* Stored items
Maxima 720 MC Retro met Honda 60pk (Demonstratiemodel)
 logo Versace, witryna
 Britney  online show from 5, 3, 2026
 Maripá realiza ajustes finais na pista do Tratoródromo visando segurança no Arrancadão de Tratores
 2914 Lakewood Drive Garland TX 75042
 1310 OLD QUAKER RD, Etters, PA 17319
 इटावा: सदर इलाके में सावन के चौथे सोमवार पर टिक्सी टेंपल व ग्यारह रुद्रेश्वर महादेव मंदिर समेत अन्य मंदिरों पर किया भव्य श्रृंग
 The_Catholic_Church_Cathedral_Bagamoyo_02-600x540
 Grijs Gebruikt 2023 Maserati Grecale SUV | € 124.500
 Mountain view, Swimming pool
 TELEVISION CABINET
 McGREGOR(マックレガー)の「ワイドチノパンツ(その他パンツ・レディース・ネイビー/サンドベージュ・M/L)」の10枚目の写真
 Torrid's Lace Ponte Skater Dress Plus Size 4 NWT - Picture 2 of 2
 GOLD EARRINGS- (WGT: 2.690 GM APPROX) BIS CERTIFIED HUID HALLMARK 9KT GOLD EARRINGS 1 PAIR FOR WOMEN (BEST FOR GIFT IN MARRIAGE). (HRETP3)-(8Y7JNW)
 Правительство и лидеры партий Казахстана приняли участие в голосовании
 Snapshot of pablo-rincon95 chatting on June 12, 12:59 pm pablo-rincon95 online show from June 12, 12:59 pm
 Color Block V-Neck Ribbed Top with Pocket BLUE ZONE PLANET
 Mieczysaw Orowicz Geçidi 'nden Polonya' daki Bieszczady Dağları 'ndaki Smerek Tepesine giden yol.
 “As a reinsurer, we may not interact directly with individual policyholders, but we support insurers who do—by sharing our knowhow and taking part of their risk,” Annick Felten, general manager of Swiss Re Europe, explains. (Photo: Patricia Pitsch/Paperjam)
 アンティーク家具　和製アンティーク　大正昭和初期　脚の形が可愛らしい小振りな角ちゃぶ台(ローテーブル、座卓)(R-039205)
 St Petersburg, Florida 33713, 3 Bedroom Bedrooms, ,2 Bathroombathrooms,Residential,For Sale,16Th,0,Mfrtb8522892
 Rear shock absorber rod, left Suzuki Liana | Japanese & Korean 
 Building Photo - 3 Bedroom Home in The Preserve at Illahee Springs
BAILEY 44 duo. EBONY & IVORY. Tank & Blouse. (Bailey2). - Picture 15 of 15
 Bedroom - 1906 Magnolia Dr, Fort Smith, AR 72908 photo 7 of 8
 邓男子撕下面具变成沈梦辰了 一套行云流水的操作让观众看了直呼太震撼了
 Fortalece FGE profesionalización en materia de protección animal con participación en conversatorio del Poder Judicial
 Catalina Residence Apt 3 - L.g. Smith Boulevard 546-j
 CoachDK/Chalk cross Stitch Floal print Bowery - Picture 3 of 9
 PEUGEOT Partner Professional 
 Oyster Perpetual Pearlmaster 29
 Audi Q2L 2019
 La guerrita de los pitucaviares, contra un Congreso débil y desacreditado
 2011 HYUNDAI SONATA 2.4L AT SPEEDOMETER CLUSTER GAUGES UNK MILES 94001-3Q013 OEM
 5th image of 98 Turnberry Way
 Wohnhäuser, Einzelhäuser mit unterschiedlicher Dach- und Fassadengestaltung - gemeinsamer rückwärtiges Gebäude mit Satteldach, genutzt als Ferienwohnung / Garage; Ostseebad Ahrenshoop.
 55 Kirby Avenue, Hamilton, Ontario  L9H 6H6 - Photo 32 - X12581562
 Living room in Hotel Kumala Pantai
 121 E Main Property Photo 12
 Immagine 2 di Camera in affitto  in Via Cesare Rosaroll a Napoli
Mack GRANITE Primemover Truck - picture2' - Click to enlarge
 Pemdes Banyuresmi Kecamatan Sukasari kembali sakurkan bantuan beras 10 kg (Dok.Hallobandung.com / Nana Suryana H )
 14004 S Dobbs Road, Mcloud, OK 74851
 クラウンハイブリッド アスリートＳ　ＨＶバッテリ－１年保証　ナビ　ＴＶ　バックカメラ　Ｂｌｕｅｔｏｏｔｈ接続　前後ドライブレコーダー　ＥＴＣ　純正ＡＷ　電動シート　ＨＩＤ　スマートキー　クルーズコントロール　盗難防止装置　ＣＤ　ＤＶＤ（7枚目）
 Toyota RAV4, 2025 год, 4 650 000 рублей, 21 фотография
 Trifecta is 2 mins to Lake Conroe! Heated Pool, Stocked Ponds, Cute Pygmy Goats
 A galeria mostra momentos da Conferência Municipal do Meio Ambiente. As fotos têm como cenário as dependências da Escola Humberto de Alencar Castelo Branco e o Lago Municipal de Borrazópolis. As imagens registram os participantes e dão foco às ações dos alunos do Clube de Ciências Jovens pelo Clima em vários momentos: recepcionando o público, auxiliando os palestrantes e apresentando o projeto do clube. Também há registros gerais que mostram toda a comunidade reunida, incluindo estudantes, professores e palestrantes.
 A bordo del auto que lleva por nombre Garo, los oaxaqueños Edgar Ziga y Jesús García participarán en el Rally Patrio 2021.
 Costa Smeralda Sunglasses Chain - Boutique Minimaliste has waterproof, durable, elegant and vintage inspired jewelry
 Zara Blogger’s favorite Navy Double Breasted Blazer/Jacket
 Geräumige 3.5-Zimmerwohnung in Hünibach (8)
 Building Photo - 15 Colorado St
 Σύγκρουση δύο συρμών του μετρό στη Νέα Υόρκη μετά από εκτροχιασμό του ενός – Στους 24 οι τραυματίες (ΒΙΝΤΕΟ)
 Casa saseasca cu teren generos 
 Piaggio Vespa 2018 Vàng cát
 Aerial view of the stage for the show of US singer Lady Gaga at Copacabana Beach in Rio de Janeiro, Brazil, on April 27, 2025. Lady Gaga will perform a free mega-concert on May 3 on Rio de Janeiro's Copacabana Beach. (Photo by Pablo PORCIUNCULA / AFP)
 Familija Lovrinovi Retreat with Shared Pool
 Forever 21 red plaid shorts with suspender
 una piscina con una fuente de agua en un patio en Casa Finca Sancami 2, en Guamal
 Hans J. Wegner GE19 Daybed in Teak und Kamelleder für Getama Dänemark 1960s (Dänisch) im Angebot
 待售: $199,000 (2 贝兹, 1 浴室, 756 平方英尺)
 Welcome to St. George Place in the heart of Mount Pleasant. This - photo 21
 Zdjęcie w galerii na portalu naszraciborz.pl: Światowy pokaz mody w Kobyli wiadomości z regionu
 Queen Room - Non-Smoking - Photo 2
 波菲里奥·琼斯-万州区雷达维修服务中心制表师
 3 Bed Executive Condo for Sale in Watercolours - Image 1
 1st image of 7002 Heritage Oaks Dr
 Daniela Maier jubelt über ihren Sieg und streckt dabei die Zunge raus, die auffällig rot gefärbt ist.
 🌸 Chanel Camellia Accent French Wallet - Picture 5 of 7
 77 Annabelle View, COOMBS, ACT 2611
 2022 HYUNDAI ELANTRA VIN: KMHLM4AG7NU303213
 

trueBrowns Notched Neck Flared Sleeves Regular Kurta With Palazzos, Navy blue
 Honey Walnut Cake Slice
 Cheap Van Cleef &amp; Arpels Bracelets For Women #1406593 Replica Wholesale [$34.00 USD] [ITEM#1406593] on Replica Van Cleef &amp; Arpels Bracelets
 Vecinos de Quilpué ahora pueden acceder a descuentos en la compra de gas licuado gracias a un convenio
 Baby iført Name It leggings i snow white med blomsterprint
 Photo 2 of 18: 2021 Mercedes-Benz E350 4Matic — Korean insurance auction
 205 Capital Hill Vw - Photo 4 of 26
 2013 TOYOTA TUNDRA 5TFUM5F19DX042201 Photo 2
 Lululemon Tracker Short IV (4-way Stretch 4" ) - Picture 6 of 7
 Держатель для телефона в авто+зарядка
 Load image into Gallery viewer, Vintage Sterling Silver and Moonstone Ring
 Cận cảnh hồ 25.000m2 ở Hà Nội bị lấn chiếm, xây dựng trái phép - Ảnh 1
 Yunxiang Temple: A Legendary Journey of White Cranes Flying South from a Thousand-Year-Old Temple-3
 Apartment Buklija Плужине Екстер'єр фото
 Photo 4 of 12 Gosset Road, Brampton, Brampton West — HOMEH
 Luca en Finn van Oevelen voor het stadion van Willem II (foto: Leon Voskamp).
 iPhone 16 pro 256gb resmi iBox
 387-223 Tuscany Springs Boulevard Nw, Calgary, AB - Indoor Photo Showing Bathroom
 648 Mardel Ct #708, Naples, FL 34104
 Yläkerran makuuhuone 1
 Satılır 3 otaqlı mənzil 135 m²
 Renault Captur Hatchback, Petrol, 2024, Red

* Work to be completed
Word for word, restate the lines of the data above that fall between the line holding "Audi Q2L 2019" and the line holding "121 E Main Property Photo 12", inclusive, and no other lines.

* Your response
 Audi Q2L 2019
 La guerrita de los pitucaviares, contra un Congreso débil y desacreditado
 2011 HYUNDAI SONATA 2.4L AT SPEEDOMETER CLUSTER GAUGES UNK MILES 94001-3Q013 OEM
 5th image of 98 Turnberry Way
 Wohnhäuser, Einzelhäuser mit unterschiedlicher Dach- und Fassadengestaltung - gemeinsamer rückwärtiges Gebäude mit Satteldach, genutzt als Ferienwohnung / Garage; Ostseebad Ahrenshoop.
 55 Kirby Avenue, Hamilton, Ontario  L9H 6H6 - Photo 32 - X12581562
 Living room in Hotel Kumala Pantai
 121 E Main Property Photo 12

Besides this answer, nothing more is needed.